Throughout the 1990s, widespread international market liberalization policies (think free trade) resulted in a reduced price for commodity grade coffee. Due to the reduction in price of coffee on the world market, smallholder farmers took a substantial hit and were forced to adapt. One major result of the reduction in price was a shift of farmers into the specialty market, where the coffee yield was more valuable. That is, farmers strengthened agricultural practices, generally with the help of local coffee cooperatives or international NGOs, to emphasize and increase quality. With good reason, the specialty coffee market has been growing by 5-10% annually!
The transition from non-organic (conventional) to organic farming in the early 2000s is similar to the shift from commodity to specialty coffee. In the early 2000s, organic was booming and American and European importers exclaimed to farmers that organic coffee pays a premium, which it did! During this time, organic coffee sold for $2.00/lb (unroasted), which was about $0.50 more per pound than conventionally grown coffee – a 25% increase in price!
However, as thousands of smallholder farmers began switching from conventional growing methods to organic farming, unforeseen issues emerged. To begin, organic farming avoids the use of synthetic chemical inputs, such as fertilizer, pesticides, antibiotics, GMOs, or food additives, which aim to increase crop yield and health. An estimate by Food Policy claims that the average organic farm produces 45% less than it would via conventional processes. This is a massive reduction in the coffee harvest. In addition, farmers’ labor costs increased significantly with organic. For example, instead of spraying pesticide to kill weeds and detrimental brush, farmers must hire additional labor to weed and whack manually. The timing of the manual labor is also unfavorable as the bulk occurs during the harvest season for other local crops, crops grown to feed farmers’ families and local community members. The additional manual labor takes time away from additional agricultural production.
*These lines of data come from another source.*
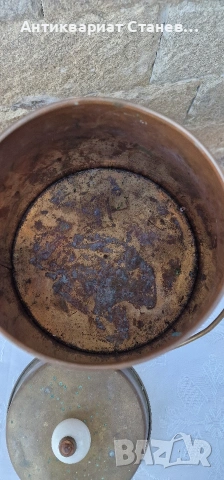 Винтидж меден съд с капак, снимка 7 - Други - 53875250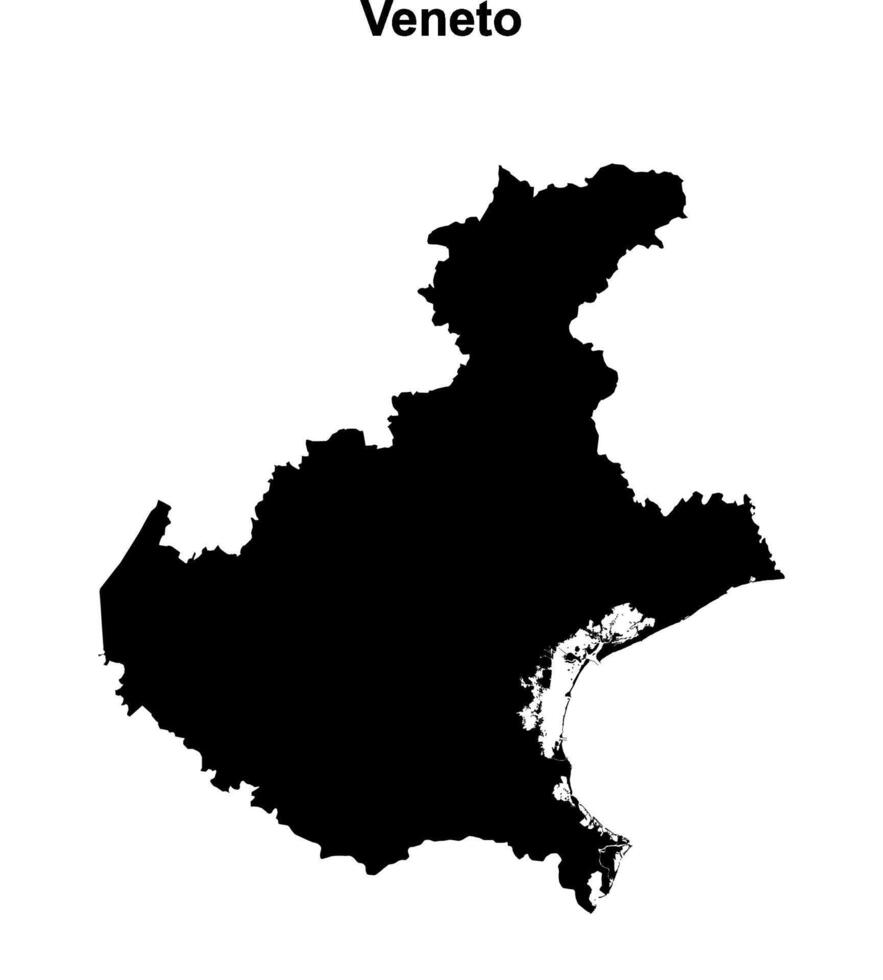 Veneto outline map vector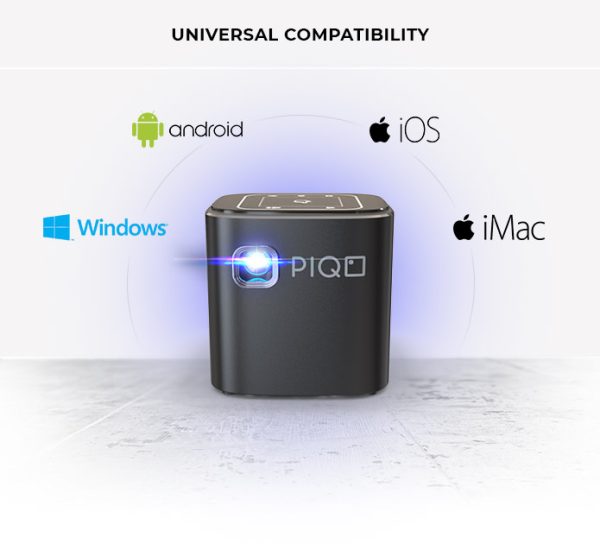 PIQO Projector The world’s most smart 1080p mini pocket projector including 7 Accessories Value Pack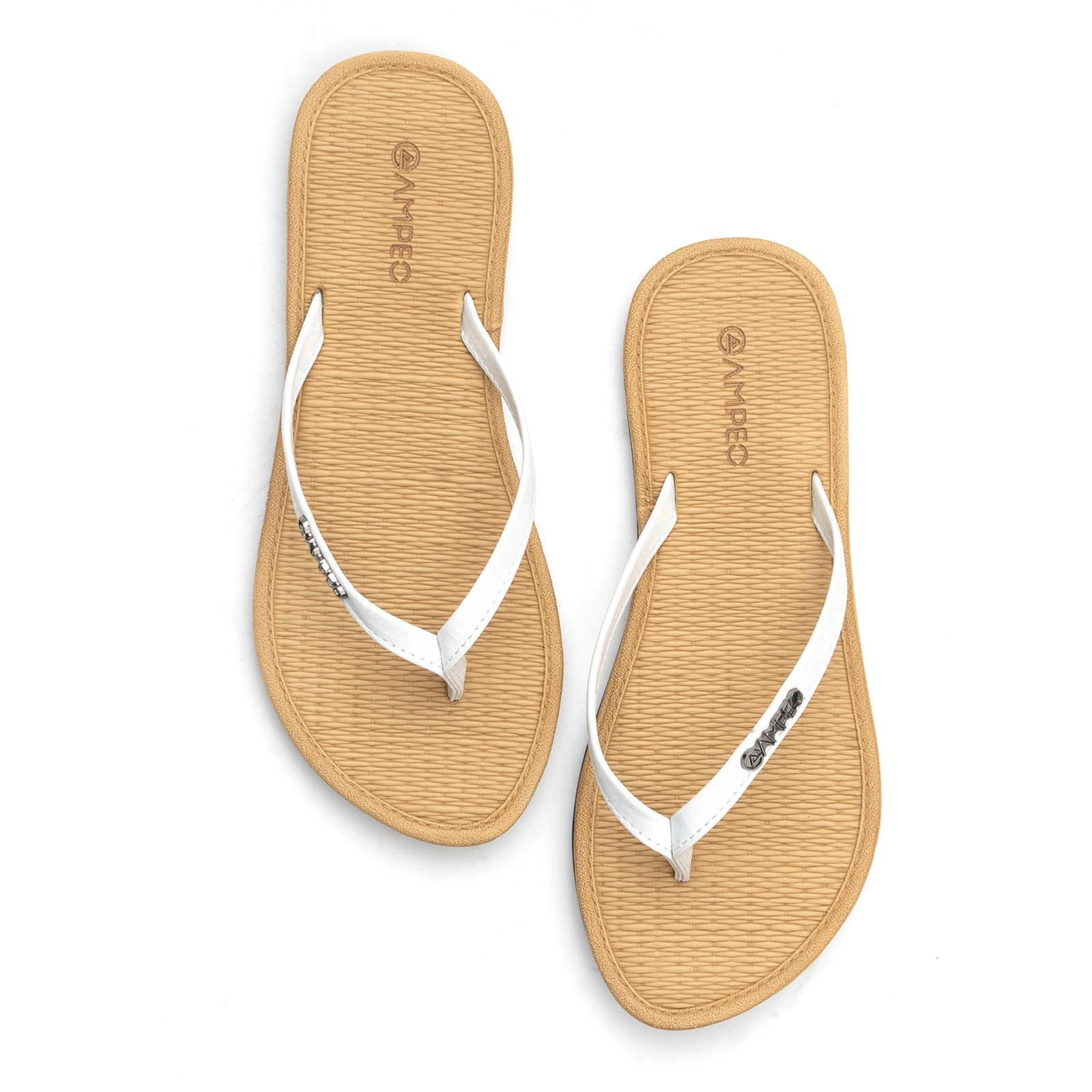 AmpeoWomen's Flip Flops Comfortable Lightweight Summer Beach Quick-Dry Thong Flat Sandals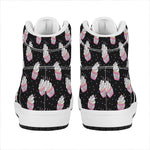 Pink Cupcake Pattern Print High Top Leather Sneakers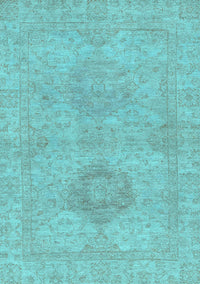 Abstract Light Blue Modern Rug, abs2876lblu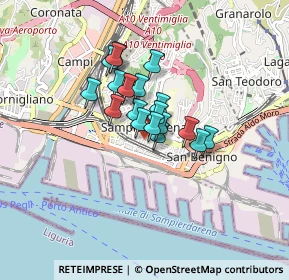 Mappa Via Agostino Castelli, 16149 Genova GE, Italia (0.5405)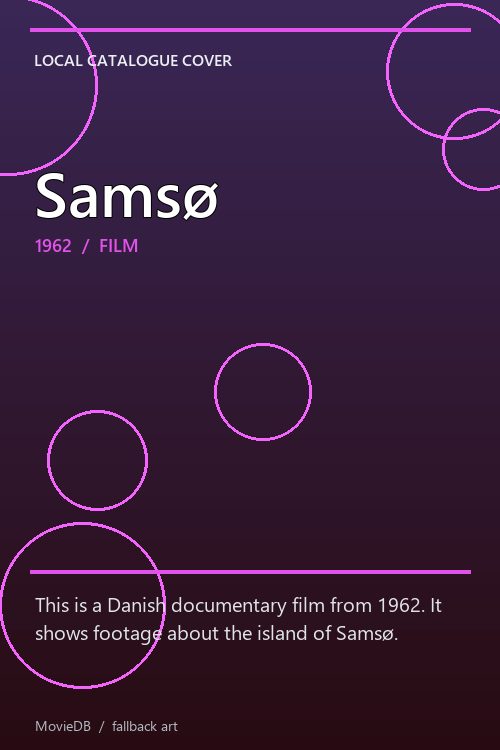 Samsø poster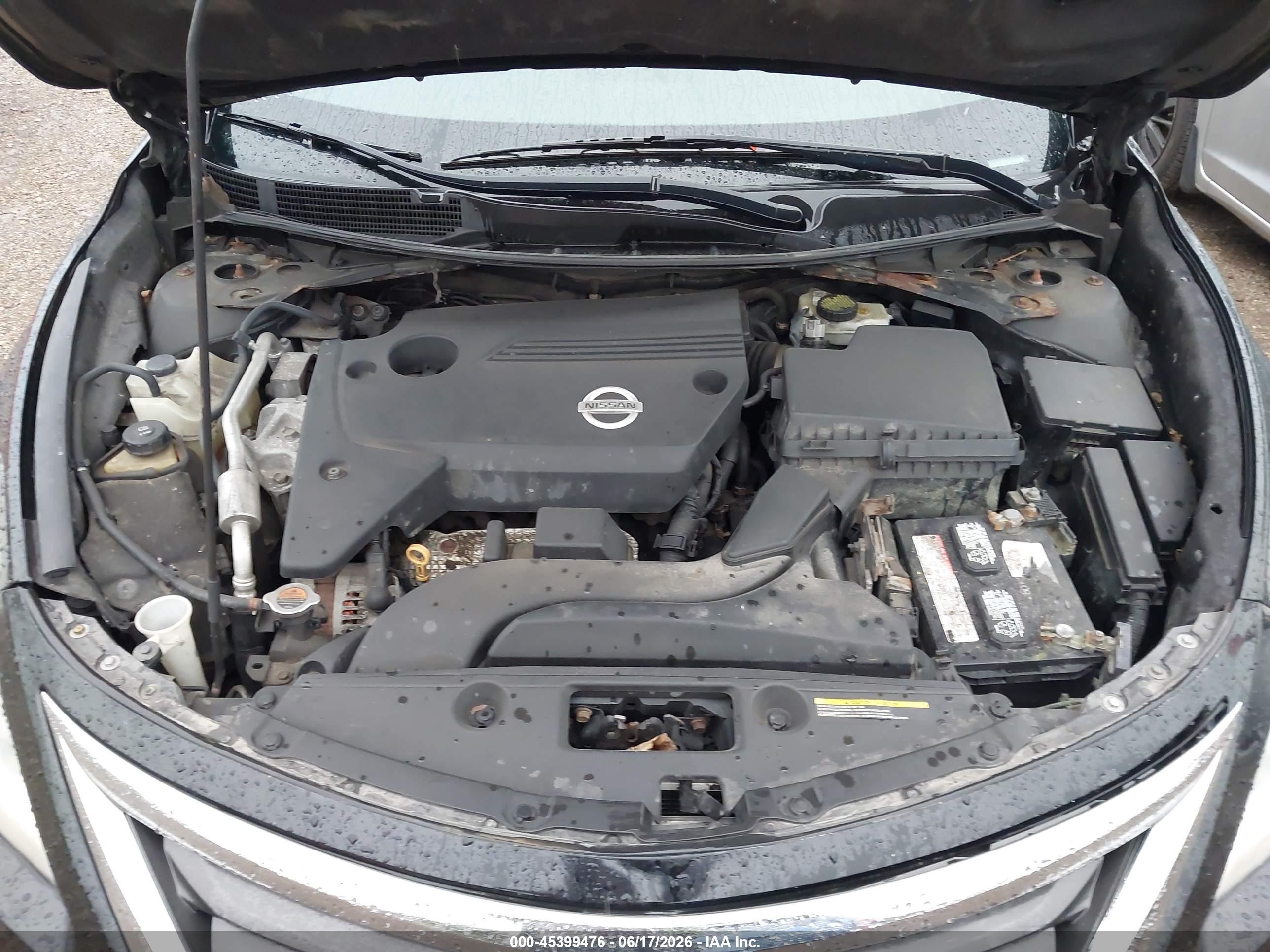 2013 Nissan Altima 2.5 Sl Black vin: 1N4AL3APXDC189453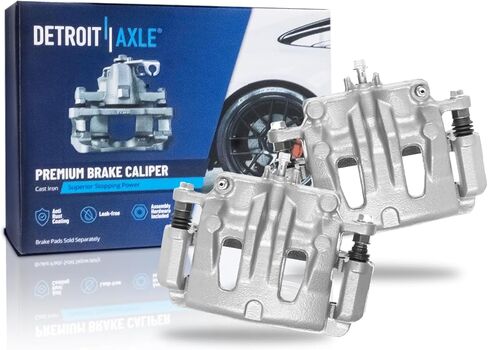 Detroit Axle - 2pc Front Brake Calipers for Hyundai 2007-2010 Entourage, 2006-2012 2014 Kia Sedona, Disc Brake Calipers with Brackets 2008 2009 Replacement in Saudi Arabia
Strikingly, a study by Ecological Economics found that over a ten-year period, organic and organic-fairtrade farmers have become poorer relative to conventional producers.
It is without question that organic agricultural practices benefit the environments in which they are utilized. A small anecdote from my time spent on an organic coffee farm in remote Karnataka, India shows just this – the 20 acre organic farm fostered incredible biodiversity in both flora and fauna. For instance, this one farm supported 26 species of migratory birds, while the surrounding 100km of conventional farmland was only able to support 3 species of birds.
Nonetheless, smallholder coffee farmers are justifiably skeptical as they understandably prioritize feeding their families over the birds. In order for a largescale adoption of organic coffee farming, coffee yield levels, profitability, and efficiency must be increased as prices for certified coffee cannot compensate for low productivity, land, or labor constraints. Alternatively, American and European coffee importers and roasters must be willing to pay increased premium prices for these delicious organic coffees.
The intricacies of the organic industry are complex. But as a specialty roaster, it is our duty to try and better understand and remain cognizant of the landscape and challenges faced by individual farmers as well as the industry as a whole.